Of course there were other challenges, lots of anxiety and fear across the years especially with parties and alcohol. I can say I spent a few worried nights asleep on the floor of her bedroom with an alarm to wake me to check her BGLs. The mid-teen years, with a whole term camp located in bushland 6 hours from Melbourne, took a lot of organisation, assistance from teaching staff and courage! We wanted Stephanie to be able to participate in anything she wanted to — and she was determined to do so. When she informed us she had (secretly) entered a modeling competition at the age of 14 we weren’t thrilled! As she subsequently won this competition and it became the first milestone along a road that would lead to a global career in modeling we absolutely supported her right to follow her own path.
We are grateful for quality of the ongoing care of the Children’s Hospital staff who oversaw Stephanie’s diabetes journey until she turned 18. The consistency of staff and the presence and the availability of the diabetes educators helped us as parents to contain our anxieties, and, in turn, helped us to trust that Stephanie could and would manage this condition across her life.

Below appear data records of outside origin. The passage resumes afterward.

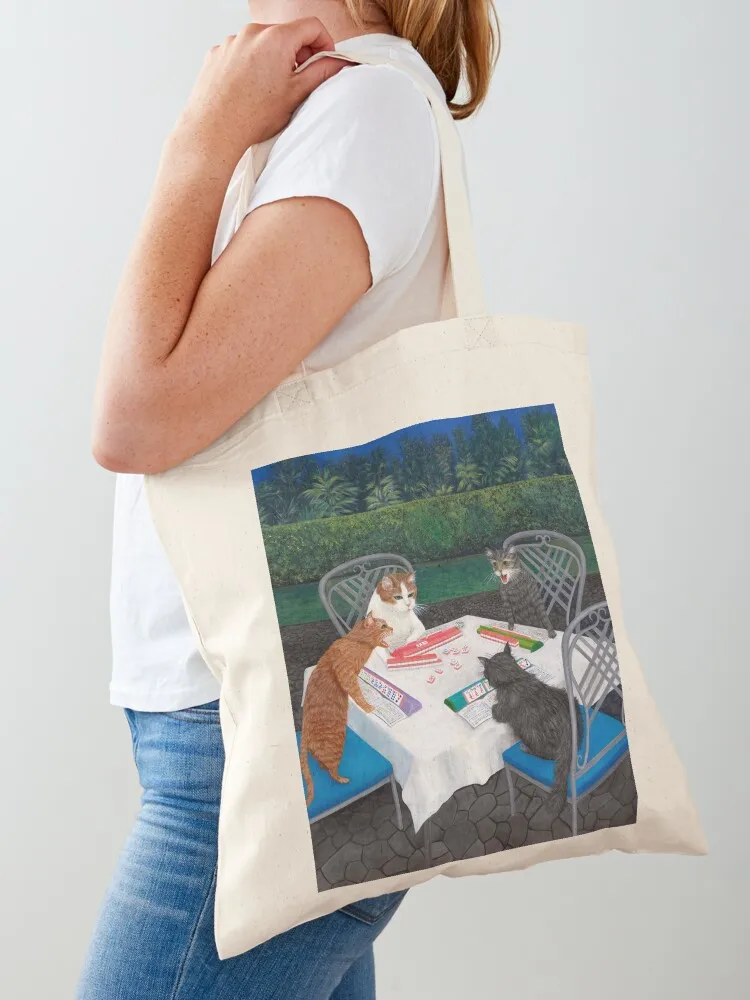 

Cats Playing Mahjong in the Garden Tote Bag Women's beach bags Customizable tote bag great bag Women's shopper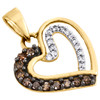 Champagne Brown Diamond Heart Pendant 10K Yellow Gold 0.20 CT. Charm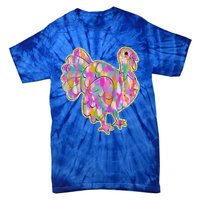 Happy Thanksgiving Day Colorful Turkey Funny Gift Tie-Dye T-Shirt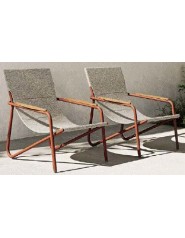 ZANTE Lounge Chair | Terracotta Aluminium with Teak & White Textilene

As T1D must be managed right across one’s lifetime we are regularly reminded of the dangers of Stef’s condition especially when we witness hypos. This is still quite a shocking reminder of the vagaries of T1D. Even this week I had to urgently FedEx some diabetes supplies to Stef in New York, as they were neither readily accessible nor affordable where she was.
As Stef has now been travelling the world regularly for her work as an international model for many years, we have faith that she can — and is — doing her utmost to attend to her condition, proving she is more than her diagnosis.